We now come to the testimony of claimant herself. This was probably objectionable, at least in part, and objection was interposed thereto at the hearing, the testimony being taken subject to a motion *585to strike out. The objection was; however, subsequently withdrawn in the memorandum of the attorney for the administratrix. In the course of her voluminous examination and cross-examination, the claimant proved to be a most evasive and unsatisfactory witness, entitled to absolutely no credibility whatsoever. In the early part of her examination she seemed to strive to reconcile her testimony with that which had been elicited from the witnesses for the estate, but she later reverted at times to the facts sworn to hi her proof of claim, with the result that so far, at least, as she was concerned, the record became a patchwork of contradiction and palpable perjury. Thus she testified that, beginning in the fall of 1902, decedent and his wife came “ almost every year during the winter months, the spring, fall arid winter months,” before and after the time they spent the summer at Rockaway Beach, but long after ” that, about 1916 or 1917, although she was not positive ” of the time, down to her death, but not including 1920, or 1923. Mrs. Brush spent “ I should imagine between two to three — about three months each year, I should think ” (Stenographer’s Minutes, p. 106), “ about every year ” (Id. p. 106), “ I am pretty sure ” (Id. p. 124). “ Mrs. Brush generally spent three or four weeks, sometimes four, and sometimes less, and sometimes more.” They generally came up every year.” Mrs. Brush would spend “ several weeks, I would say. I could not very well remember.”

On this testimony, two legal questions are presented. The first is whether the proof on behalf of the claimant, standing alone, would entitle her to recover on her claim for services “ for a period of three or four months during the summers for eighteen years prior to the death of decedent.” The natural meaning of summers ” is the three months of June, July and August, which fact was unquestionably recognized by the claimant at the start, as the testimony of all her witnesses, other than herself, as hereinbefore reviewed, was directed to such period. Her testimony, adduced after the witnesses for the estate had demonstrated beyond a reasonable doubt that decedent and his wife had spent their summers at Rockaway Beach for some twenty-one years, shifted this position and absolutely contradicted her own sworn claim, and the previous witnesses who had testified on her behalf, as to all years prior to about 1916 or 1917, further eliminating the years 1920 and 1923. Thus, on her own admission, the summers during winch any claim was asserted by her were reduced from the eighteen, which she had sworn to, to a maximum of six.

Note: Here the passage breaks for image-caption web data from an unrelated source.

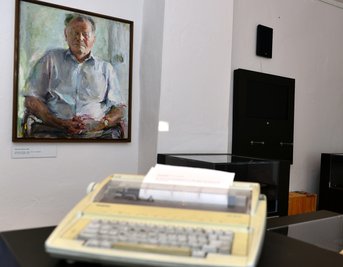 Noch befindet sich die Mittweidaer Erich-Loest-Ausstellung im Stadtmuseum "Alte Pfarrhäuser". Nach dem Umzug sollen die Schreibmaschine des Schriftstellers und dessen Porträt zu Hinguckern werden. 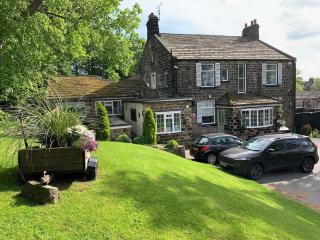 Double Room in St Michael's Inn near Leeds Airport - 7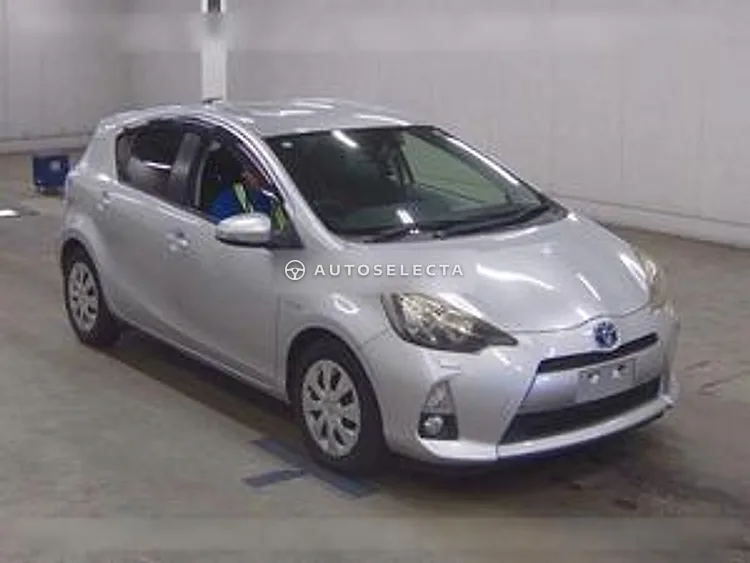 Toyota Aqua 2012, photo 1 of 1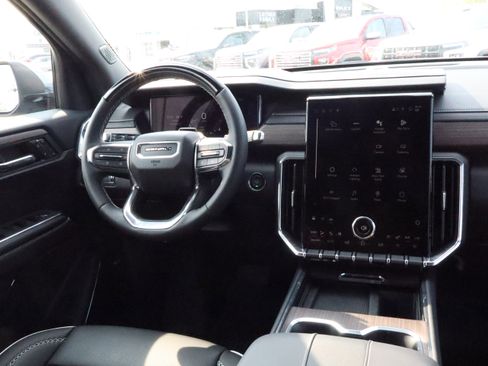 New 2026 GMC Acadia Denali w/ Super Cruise Package image 10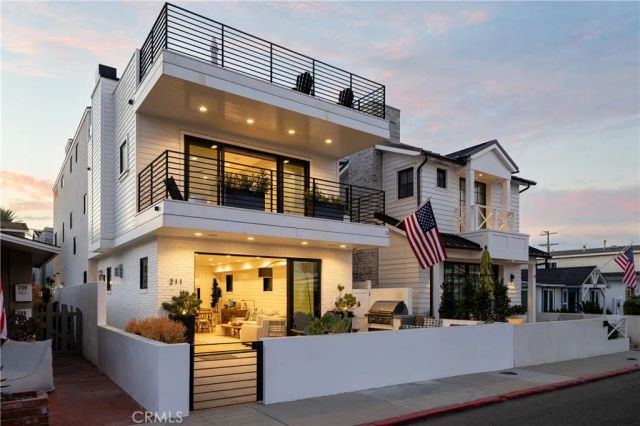 211 35th, Newport Beach, CA 92663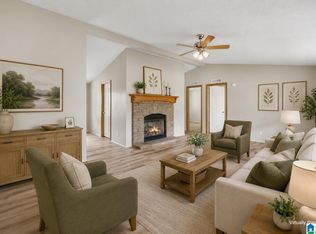 351 McGinnis St, Springville, AL 35146
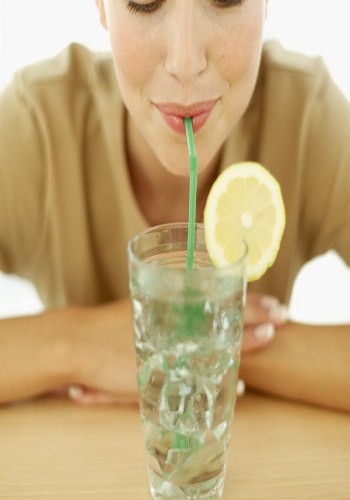 4 Minuman Yang Harus Dihindari Saat Sakit Perut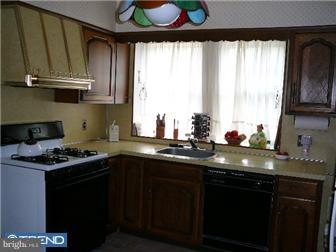 7201 Hilltop Road Upper Darby, PA 19082 - Photo 7 of 10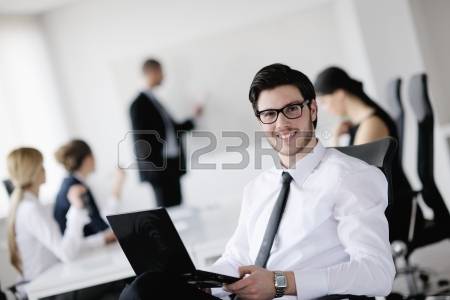 Требуются специалисты, фотография 1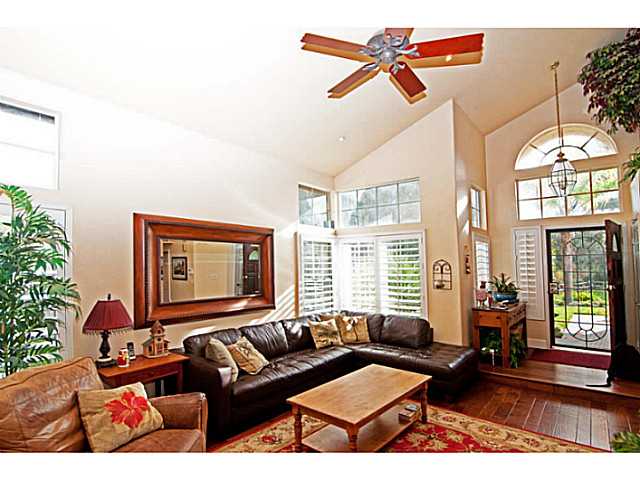 334 Valleytree Pl, Escondido, CA 92026 photo 4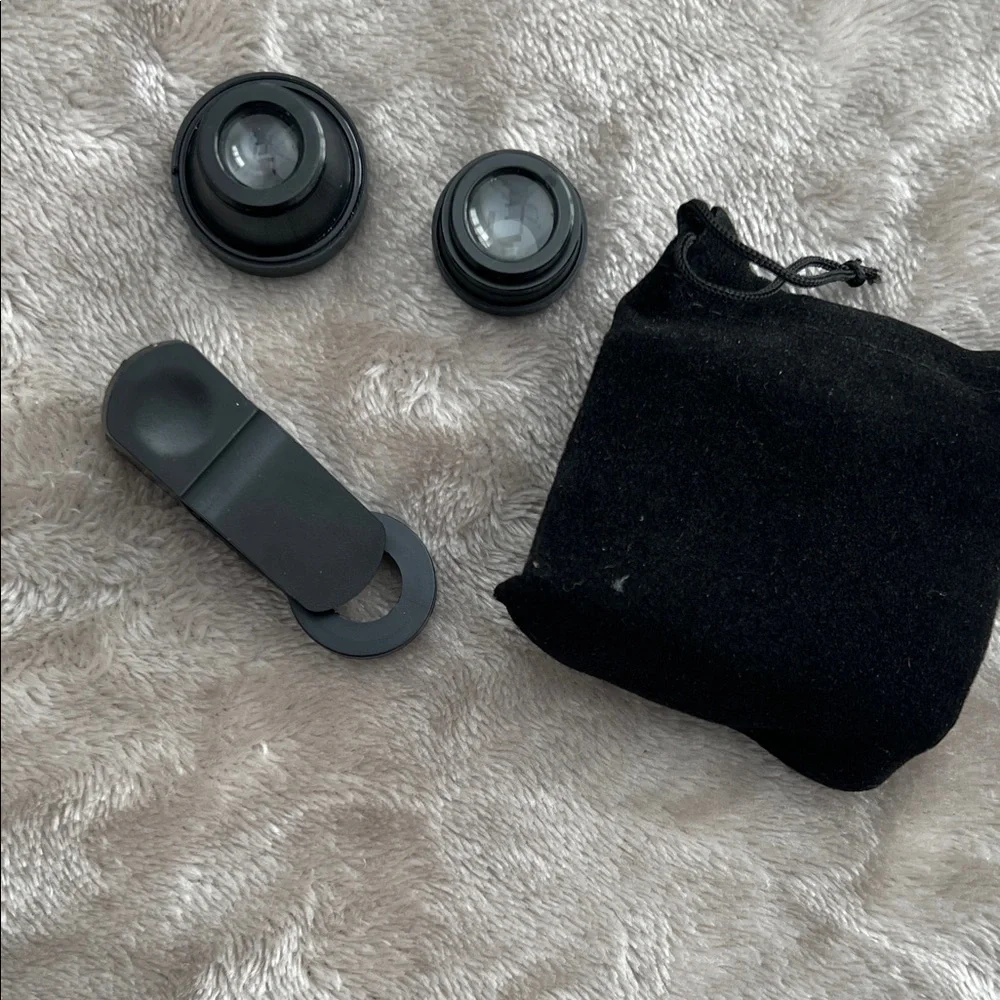 Universal Clip Lens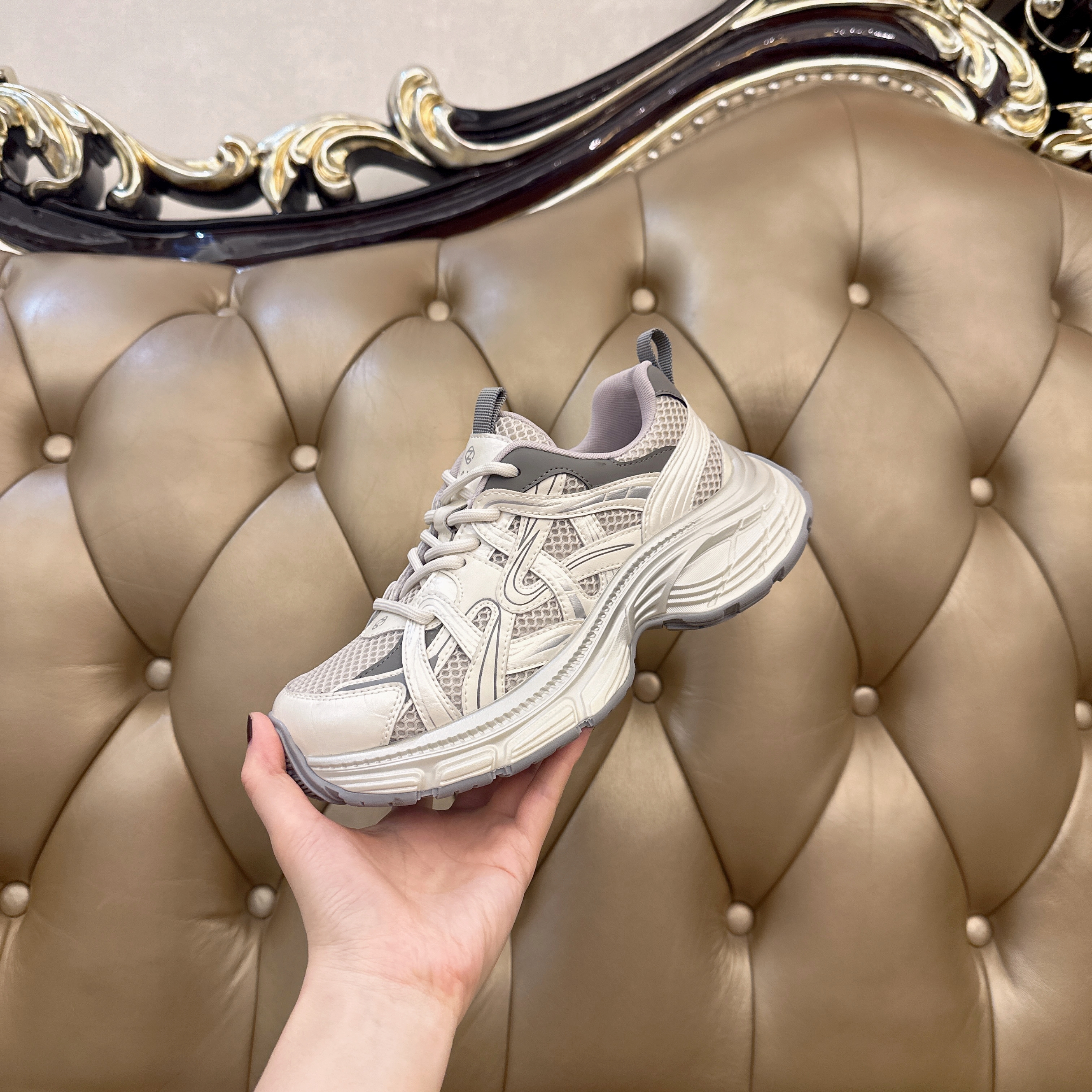 软底休闲老爹鞋女休闲运动鞋子百搭厚底系带女款平底鞋子加厚秋冬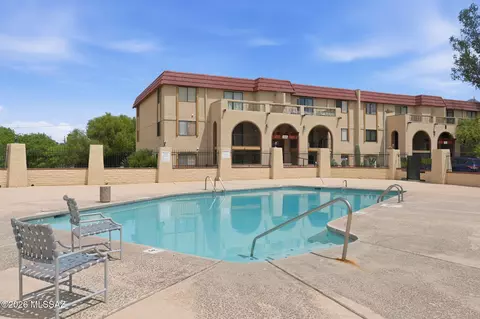 6341 N Barcelona Ct #809, Tucson, AZ 85704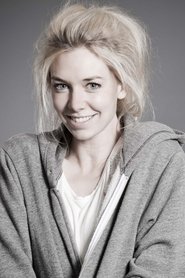 Photo of Vanessa Kirby image size 2000x3000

As against this, claimant’s niece, Anna Utter, who lived in claimant’s house up to the time of her marriage in 1925 (which was subsequent to Mrs. Brush’s death), testified, first, that Mrs. Brush *586made her last stay there in 1917, finally changing this to 1920. Her testimony is at least as credible as that of the claimant herself, and having been introduced by the claimant, is binding upon her. This testimony, if believed, would reduce the claim to a maximum of four years or a minimum of one.

Taken at its best, however, and granting that such a term may be employed in connection with the testimony on behalf of the claimant, the court is utterly unable to identify any particular time or period as having been shown with reasonable clarity during any single summer month as one in which the alleged care or board was furnished to decedent or his wife. Under such circumstances, the basic element by which a quantum meruit may be measured is missing. Even were it to be held that such basic prerequisite could in some way, prima facie, be spelled out, this could not result in a recovery for the claimant, in view of the testimony adduced on behalf of the accountant, which was flatly contradictory, credible and essentially unimpeached. No trier of fact would hesitate for a moment in determining, from the appearance and demeanor of the witnesses for the estate, as well as from the content and manner of delivery of their testimony, that they were entitled to greater credence than those for the claimant.

An additional element for consideration in this connection is that substantially all of claimant’s witnesses were her relations or connections by marriage, while those in opposition were largely strangers, who possessed no conceivable interest in the event other than to promote justice and to prevent the looting of the estate of a deceased friend. In view of the fact that the claimant has utterly failed to substantiate her right to recover under her sworn claim for services performed, the alleged declarations of the decedent of intent to benefit the claimant became immaterial, since it must * * * follow, in cases like that here presented, where the making of a special contract to pay the reasonable value of the services is alleged, that the fact of whether or not such contract was actually made is substantially immaterial. If made, it would amount merely to a formal recognition by the parties of what the law presumes. If not made, the legal effect of the acts done would nevertheless be recognized, and in either event only such recovery could be had as was commensurate with the value given and received.” (Matter of Mason, supra, 906, and cases cited.)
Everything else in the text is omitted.